What are the lines from the one containing "PolyDome - Model" through the last line of the records below? Return them exactly, leaving out pictures.

[Dataset excerpts]
┄┄┄┄┄┄┄┄┄┄
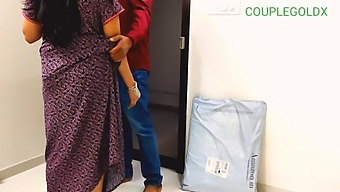 A Delivery Man Knocks And Has Sex With A Woman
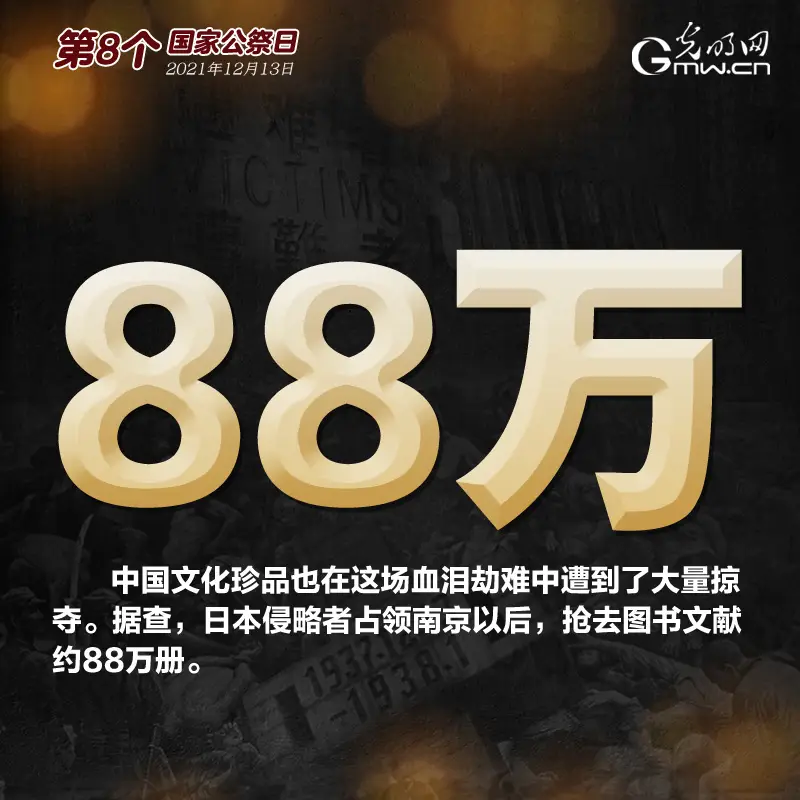 第8个国家公祭日：这些数字请勿忘记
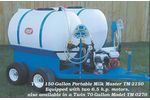 PolyDome - Model TM0270 - Twin 70 Gallon Portable Milk Mixer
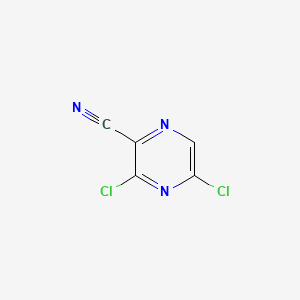 3,5-Dichloropyrazine-2-carbonitrile chemical structure (CAS 313339-92-3)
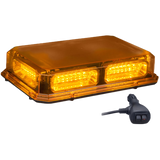 Heise HE-MU13-MINI Amber Exterior Mini Lightbar - 12.9 Inch, 36 LED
┄┄┄┄┄┄┄┄┄┄
Solved problem
 PolyDome - Model TM0270 - Twin 70 Gallon Portable Milk Mixer
 3,5-Dichloropyrazine-2-carbonitrile chemical structure (CAS 313339-92-3)
 Heise HE-MU13-MINI Amber Exterior Mini Lightbar - 12.9 Inch, 36 LED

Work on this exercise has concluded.